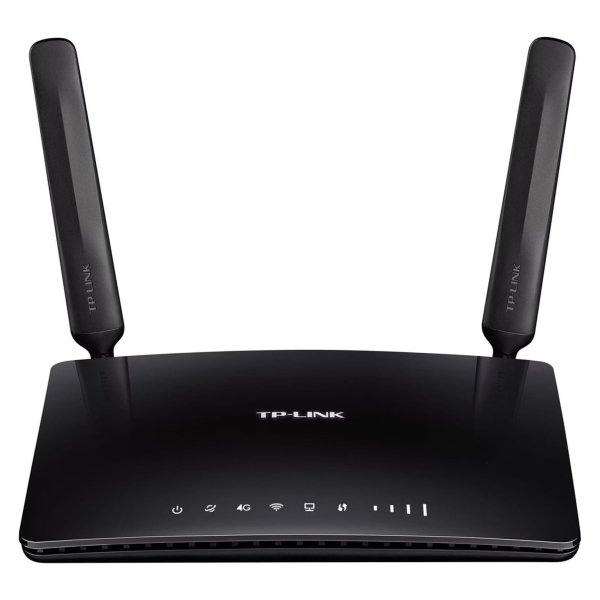 TP-LINK TL-MR6400 Router Sem Fio 4G LTE WiFi N300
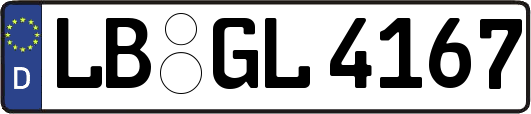LB-GL4167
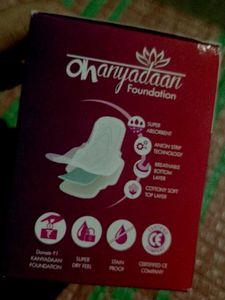 kanyadan foundation XXL Sanitary Napkin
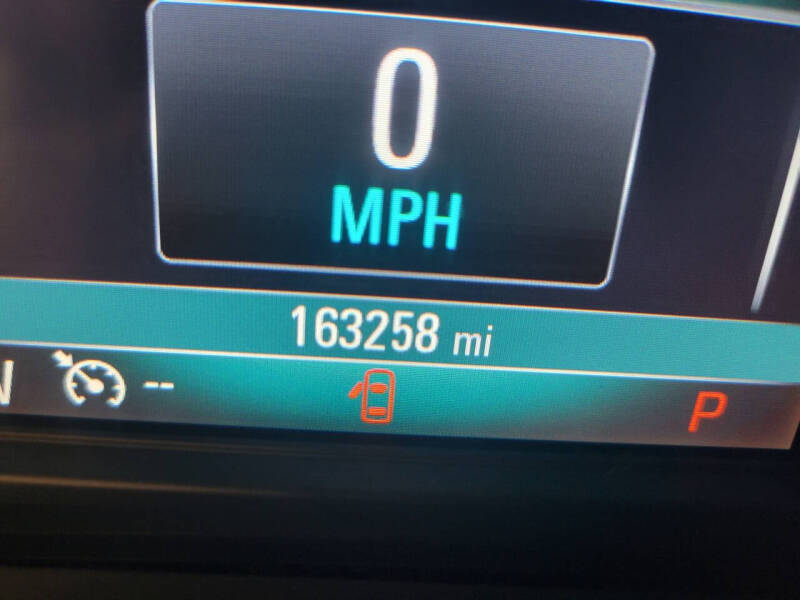 2019 Buick Enclave Essence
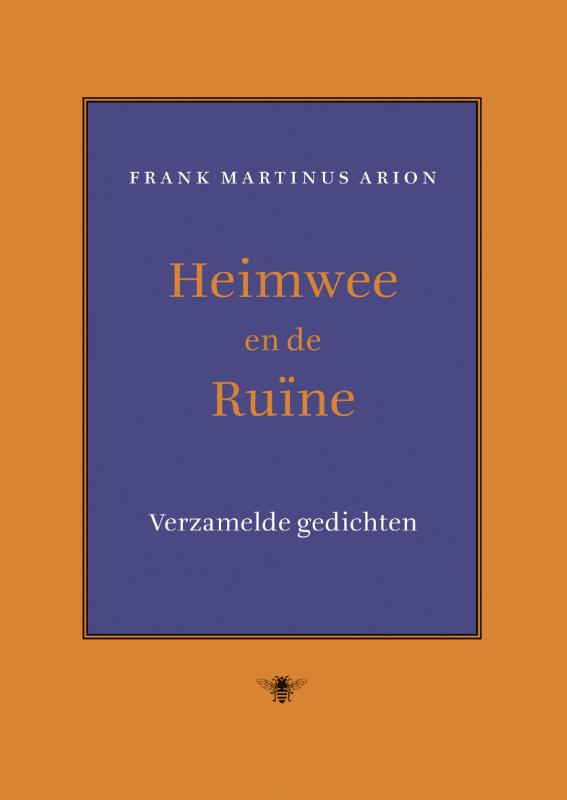 Omslag van Heimwee en de ruïne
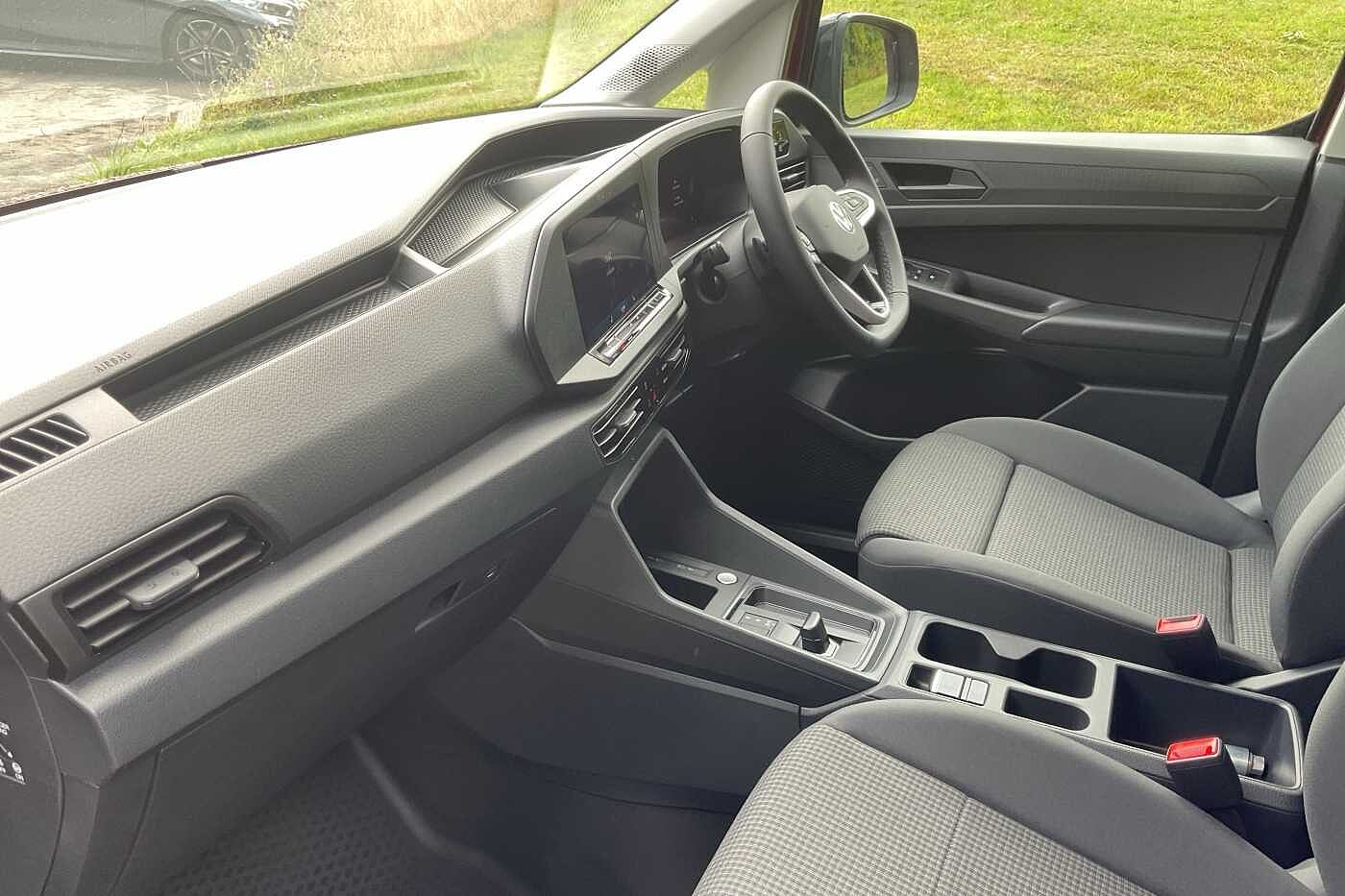 Volkswagen Caddy Cargo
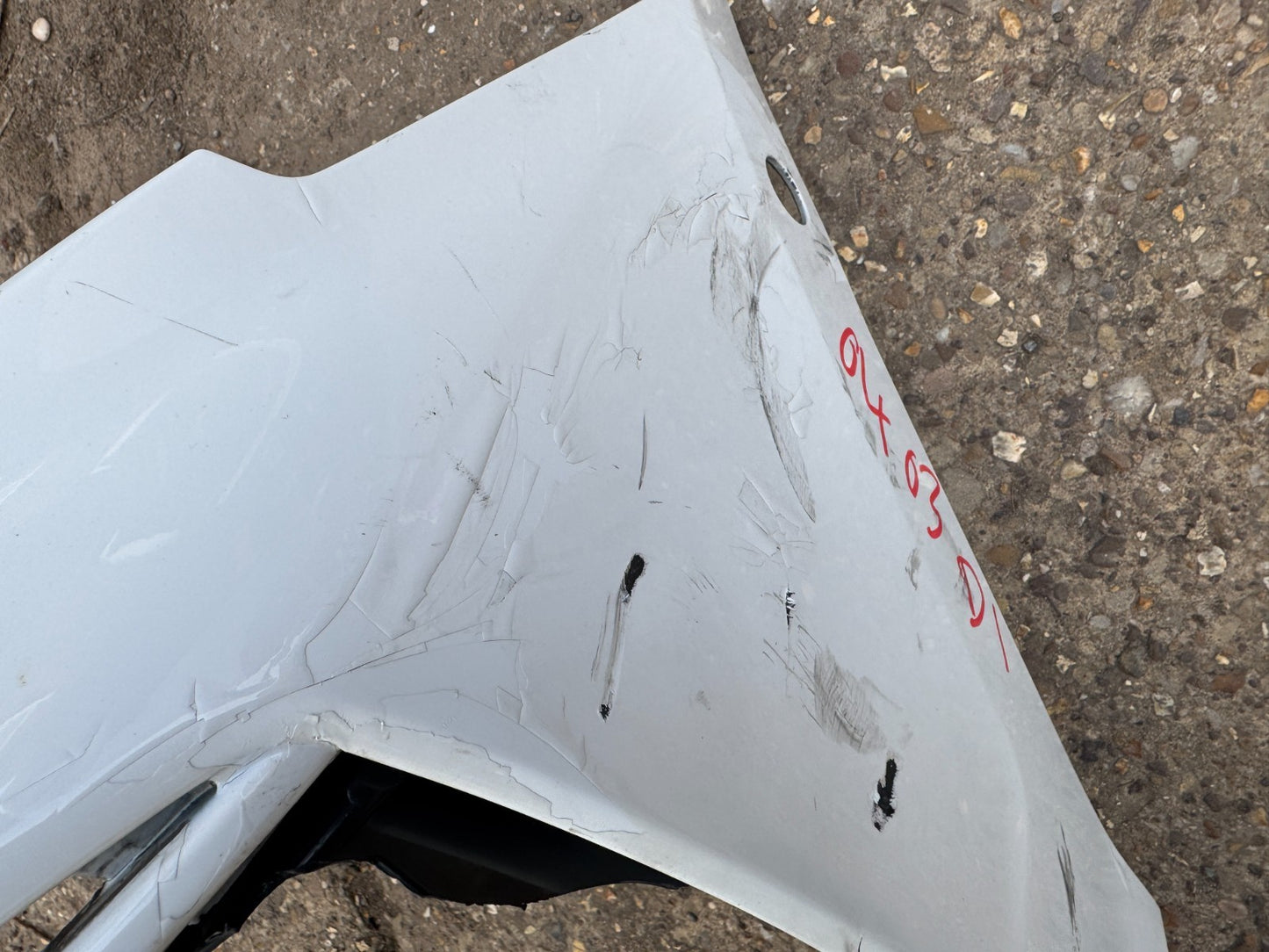 AUDI A3 HATCHBACK S LINE 2020-ONWARDS FRONT BUMPER 8Y0807437F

Work task —
Once the pictures are set aside, what is needed is the lines from the line with "Volkswagen Caddy Cargo" through the end of the data, written out exactly and alone.

Result of the task —
 Volkswagen Caddy Cargo
 AUDI A3 HATCHBACK S LINE 2020-ONWARDS FRONT BUMPER 8Y0807437F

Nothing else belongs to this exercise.